Abhängigkeit hat viele Gesichter

so kann man süchtig sein nach Alkohol, Drogen, Tabak, Medikamenten, Arbeit, Essen oder Süßigkeiten. Daneben gibt es Abhängigkeiten rein emotionaler Art, Zuwendung, der Meinung anderer Menschen, von Medien, Partnern usw. Man kann fast sagen, in unserer Gesellschaft ist Abhängigkeit eher die Regel als die Ausnahme. Es gibt auch gesunde wechselseitige Abhängigkeiten, davon ist hier aber nicht die Rede.

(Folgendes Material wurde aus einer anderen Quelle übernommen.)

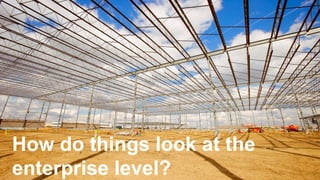 How do things look at the
enterprise level?
 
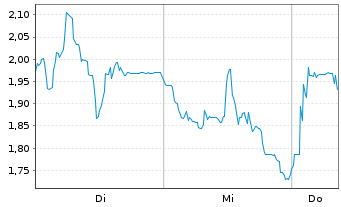 Chart Mini Future Long thyssenkrupp nucera - 1 Woche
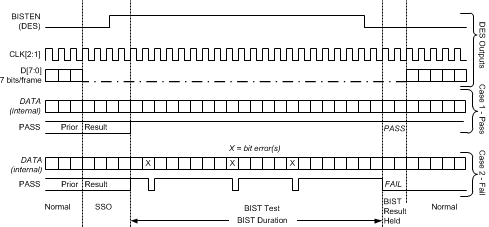 DS90UH940-Q1 BIST_WAVEFORMS.gif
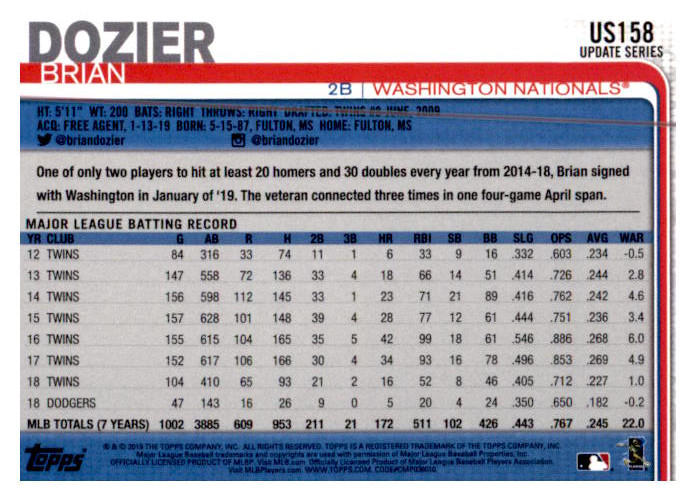 2019 Topps Update Baseball Part 2 Main Set Cards #US151 to #US300 - Picture 17 of 289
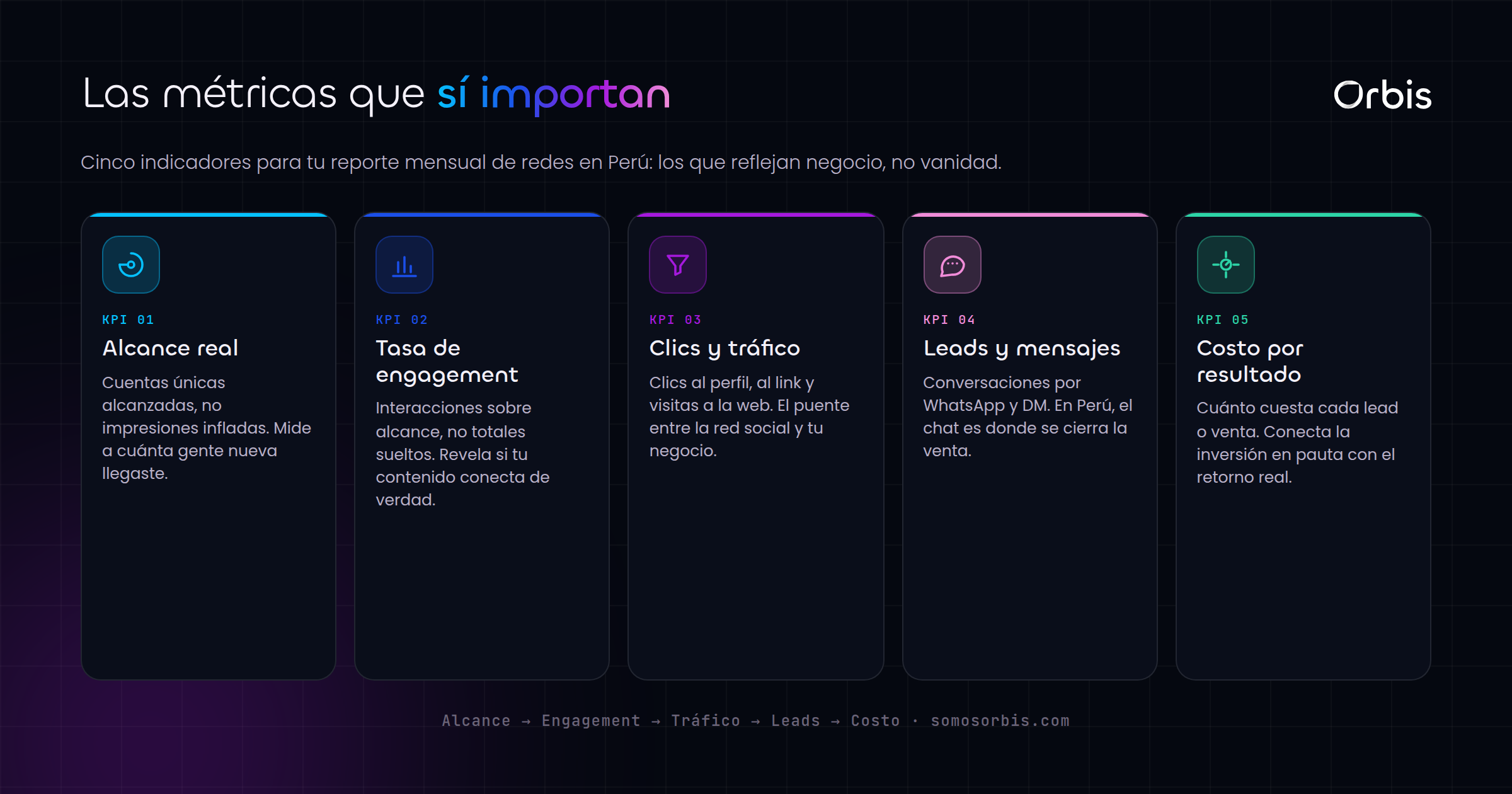 Reportes de redes sociales: que metricas importan en Peru
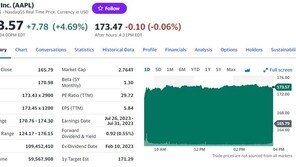 미증시 대장주 애플, 실적 호조로 4.69% 급등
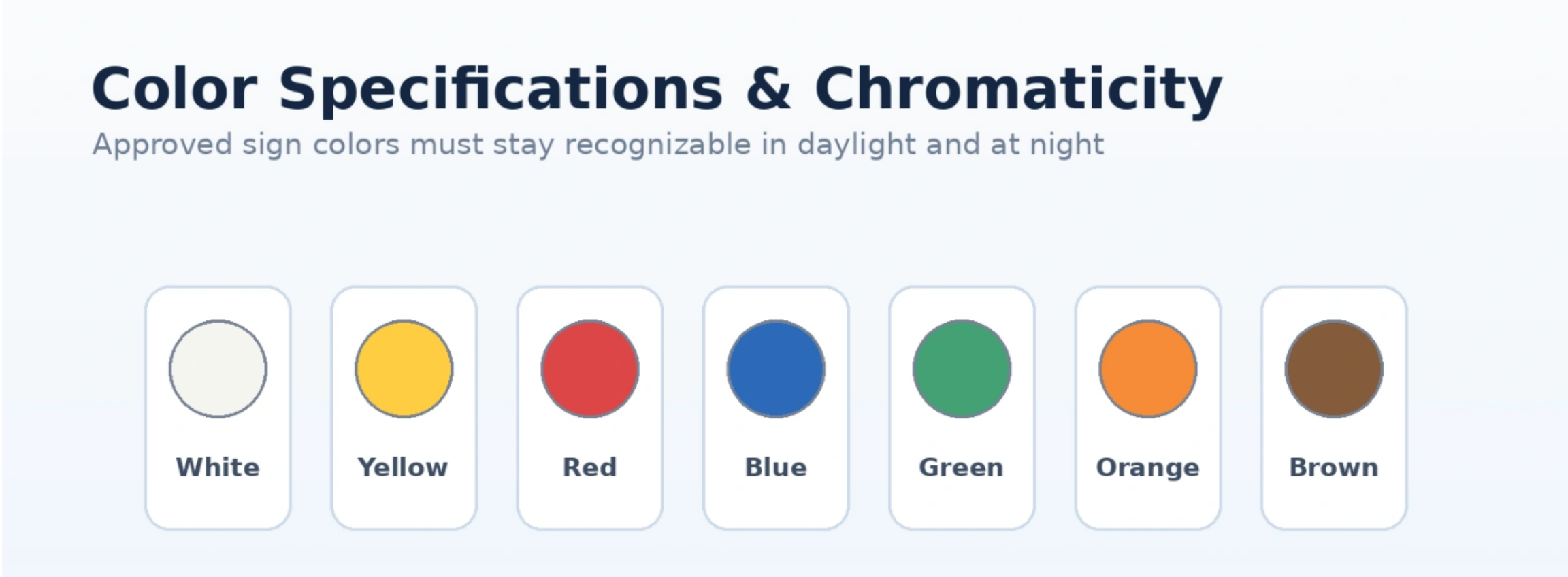 reflective-sheeting-color-specifications-chromaticity.png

Um frei davon zu werden, ist Verständnis und Achtung für die eigene Geschichte und die inneren Konflikte maßgeblich, den inneren Stress, der manchmal gar nicht wirklich wahrgenommen wird. Oft kommt es hier zu Mißverständnissen. Es heißt nicht, dass wir Alles gut heißen, was wir bislang gemacht haben. Fehler sind menschlich, aber wir stellen uns deshalb nicht als Mensch grundsätzlich in Frage. Das Gefühl, schuldig oder nicht richtig oder nicht gut genug zu sein und die innere Abwertung (wieso schaffe ich das nicht...ich bin einfach zu...) führt zu weiterer tiefer Frustration und der Weg zu einer gesünderen Lebensweise wird dadurch noch erschwert. Erst wenn wir ein Gefühl dafür haben, warum wir so oder so leben, kann Veränderung stattfinden.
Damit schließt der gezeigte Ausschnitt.